Книжку вот прочитала…

Жил в Москве богатый старый человек. И было у него не то пять, не то десять, не то пятнадцать дальних родственников. Наследнички, ни в чем ни уха, ни рыла! Одна мужем из провинции обзавелась, а тот бочком, бочком да и к кормушке, другая дурой всю жизнь была, сопли в детском саду сорок лет вытирала, третья упрямая и норовистая, своей дорогой шла, четвертый — безопасный сумасшедший. Под глазами — круги, в глазах — страсть. Страсть редкая — собачья. Собачьим приютом заведовал. Пятый — прихвостень, хоть верный помощник и голова светлая, шестой четырех своих бестолковых дочек мечтал поднять, седьмой все не мог квартиру свою крохотную в Питере поменять, думал у деда денег занять, но без отдачи… Восьмой… Девятый…

Долго старик голову ломал — страниц тридцать. Но придумал потом и делами распорядился. А умер в одночасье.

В завещании было две строчки. Всем — по чашке из семейного сервиза, а все имущество, движимое и недвижимое, он завещал своему племяннику Козлову Александру Ивановичу — на содержание собачьего приюта.

Людмила Улицкая «Второе лицо».

Есть все-таки справедливость на свете!

По первой строчке

Сегодня гуляем с Варварой, а дорогу переходит колонна детсадовцев. И по обе стороны перехода встали воспитательницы и держат красные флажки. Машины выстроились вереницей, важные малипупсы идут парами через дорогу, щебечут, за ручки держатся.

И я почему-то заплакала.

Идут пионеры — салют, собаководы!

Мы сейчас салют наблюдали. У нас, ишь, повадились салюты при любом удобном случае давать. Магазин откроют — салют! Ларек закроют — салют! Я с работы пришла — салют!
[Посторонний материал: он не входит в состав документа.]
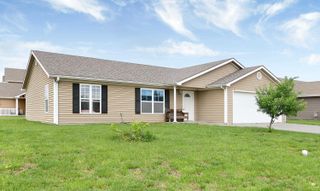 409 Brookhaven Drive, Manhattan, KS 66502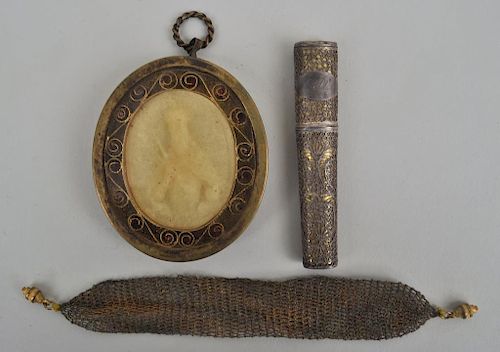 EARLY CONTINENTAL BRASS LOCKET  3832c7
Варвара сначала салют не заметила, такова уж наша мастифья сущность. На нас только Тунгусский метеорит мог бы впечатление произвести, да и то, если бы рухнул перед носом. В общем, не боится мастифья мать салютов, но так как бабахало долго и упорно, да еще мерцало по всей округе, Варвара оторвалась от нюханья газона, флегматично подняла на меня взгляд и, кривя рот в зевке, спросила: «… Война, что ли?»